A spatial-movement-driven multidimensional filtering algorithm.
Instead of setting filter criteria upfront, users navigate in 8 directions on a 2D canvas. Each movement locks a dimension's value; locked constraints accumulate, forming a multi-dimensional intersection query defined entirely by movement trajectory.
Core idea: "Where you go is what you filter."
↖ ↑ ↗
\ | /
← ─ ● ─ →
/ | \
↙ ↓ ↘
- Each card holds 8 distinct values drawn from {1…N} (N configurable, default 8; one per direction) — no duplicates. When N = 8, this is a full permutation; when N > 8, it is a partial permutation P(N,8).
- Moving in a direction for the first time locks that dimension to the current card's value.

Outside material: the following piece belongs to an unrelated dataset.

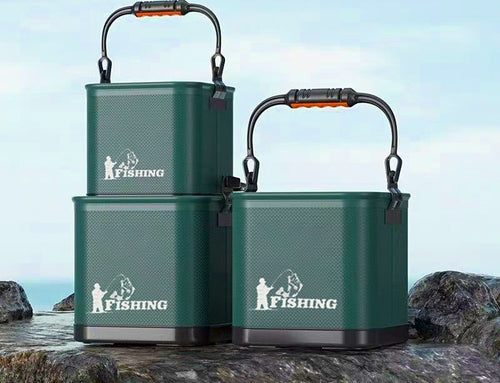 Foldable Fishing Bucket with Anti-Jump Net, EVA, Green – product photo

- All cards matching every locked constraint form a candidate pool. Keep moving to randomly pick from it.
- Constraints only accumulate (up to 8). When no cards satisfy all constraints, the oldest lock is released first (FIFO unlock), guaranteeing you never hit a dead end.

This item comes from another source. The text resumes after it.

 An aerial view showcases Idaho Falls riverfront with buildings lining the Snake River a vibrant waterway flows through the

Start: Card A {→:8, ↑:7, ↗:6, ←:3, ↓:4, ↖:2, ↘:5, ↙:1}
Step 1: Move → → Lock →=8
Pool: all cards where →=8 → enter Card B
Step 2: Move ↑ → Lock ↑=7 (Card B's ↑ value)

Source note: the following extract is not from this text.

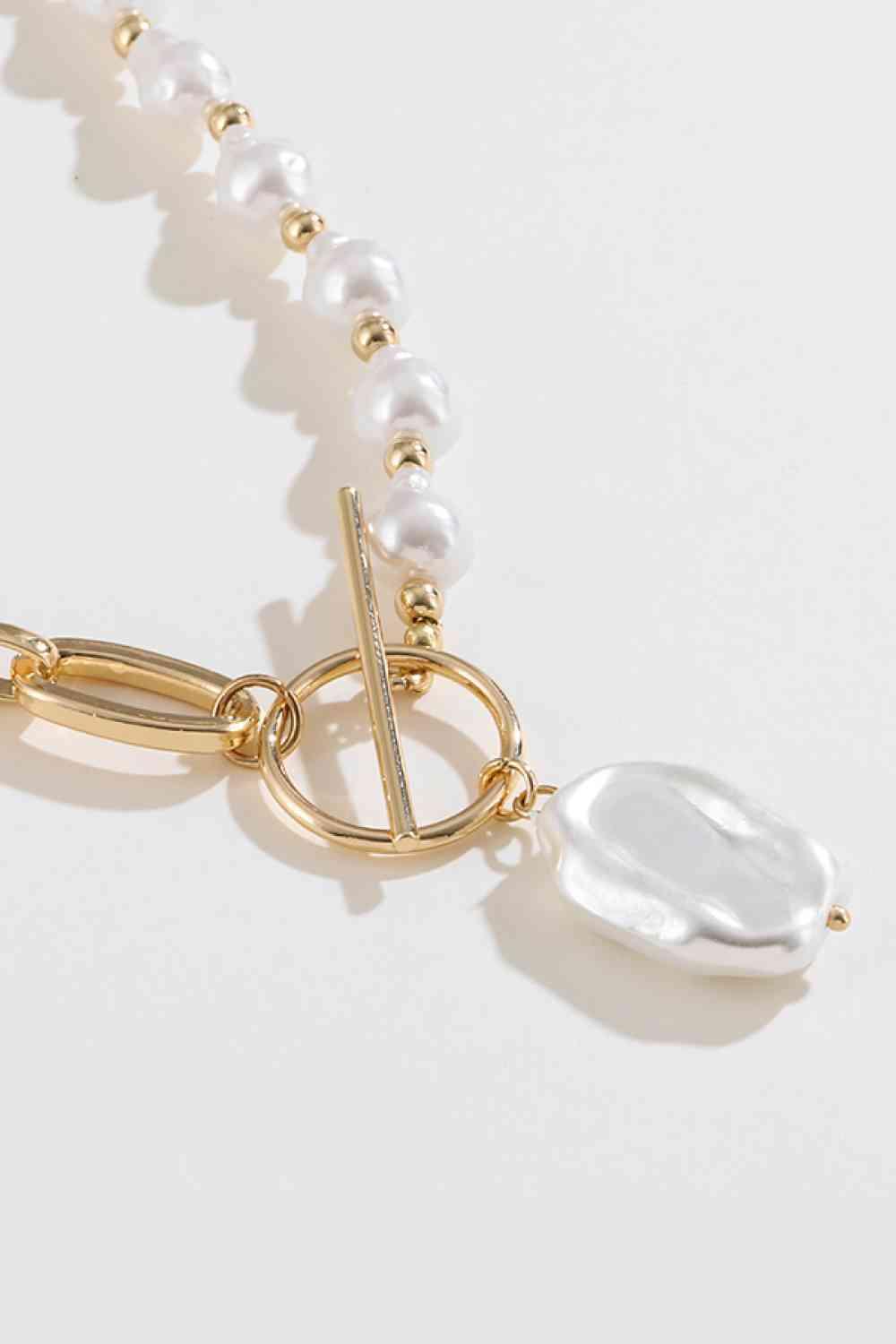 Half Pearl Half Chain Toggle Clasp Necklace - Shop SWR Luxe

Pool: →=8 AND ↑=7 → narrower set
Step 3: Move ↗ → Lock ↗=...
Pool: →=8 AND ↑=7 AND ↗=? → even narrower
Try the interactive demo: reidevbx.github.io/dcl (or run locally — see below).
Available in English and 繁體中文.
| Document | EN | 中文 |
|---|---|---|
| Algorithm Specification | specification.md | specification.md |
| Concept Document | concept.md | concept.md |
The demo is a single static HTML file with zero dependencies.
# Clone
git clone https://github.com/reidevbx/dcl.git
cd dcl
# Serve (any static server works)
npx serve public
# or
python3 -m http.server -d public 8000Open http://localhost:8000 (or 3000 for serve).
Deployed via GitHub Pages. Push to main triggers automatic deployment through GitHub Actions.
To enable: go to repo Settings > Pages > Source, select GitHub Actions.
dcl/
├── public/
│ ├── index.html # Interactive demo (EN)
│ ├── zh/index.html # Interactive demo (繁中)
│ ├── style.css # Shared styles
│ ├── dcl.js # Core algorithm (zero DOM dependencies)
│ └── demo.js # UI rendering layer
├── docs/
│ ├── en/
│ │ ├── specification.md
│ │ └── concept.md
│ └── zh/
│ ├── specification.md
│ └── concept.md
├── .github/workflows/
│ └── deploy.yml # GitHub Pages deployment
├── package.json
├── LICENSE
├── README.md # English (this file)
└── README.zh.md # 繁體中文
- Fashion exploration: dimensions = silhouette, color tone, style, occasion, ...
- Music discovery: rhythm, mood, instrument, era, ...
- Product curation: material, price range, aesthetic, brand, ...
- Inspiration boards: free-form drifting through visual style space
- Any scenario requiring multidimensional exploration without complex filter UIs
DCL supports an opt-in plugin architecture. Plugins extend the engine without altering the core algorithm.
var engine = DCL.create({ cardCount: 100, categories: 20 });
// Opt-in: enable the memory plugin
DCL.use(engine, 'memory');
engine.navigate('right'); // lock right dimension
engine.navigate('up'); // lock up dimension
engine.navigate('down'); // opposite of up → auto-undo back
engine.navigate('left'); // opposite of right → auto-undo back to start
engine.canUndo(); // true / false| Plugin | Methods Added | Description |
|---|---|---|
memory |
undo(), redo(), canUndo(), canRedo(), peek(dir), peekAll() |
Full path backtracking. Moving in the opposite direction auto-undoes. Lock state is fully restored on each undo. peek/peekAll are idempotent — same state always returns the same preview. |
DCL.register('myPlugin', function (engine, priv) {
// wrap or extend engine methods
// priv contains internal helpers (e.g., priv.setState)
});
DCL.use(engine, 'myPlugin');| Property | Guarantee |
|---|---|
| Monotonic accumulation | |L| only increases (unless FIFO unlock fires) |
| Max constraints | |L| ≤ 8 |
| No dead ends | FIFO unlock ensures P ≠ ∅ as long as |C| > 1 |
| Random navigation | Finite pool → randomly selects each time |
| Selection constraint | A(c, ·) selects 8 distinct values from {1…N} → no duplicate values per card |
- Should dimension semantics be fixed by the product or dynamically generated per dataset?
- Can values support fuzzy matching (e.g., ±1 tolerance) for richer pools on small datasets?
- How to auto-assign directional scores via AI (e.g., CLIP embeddings)?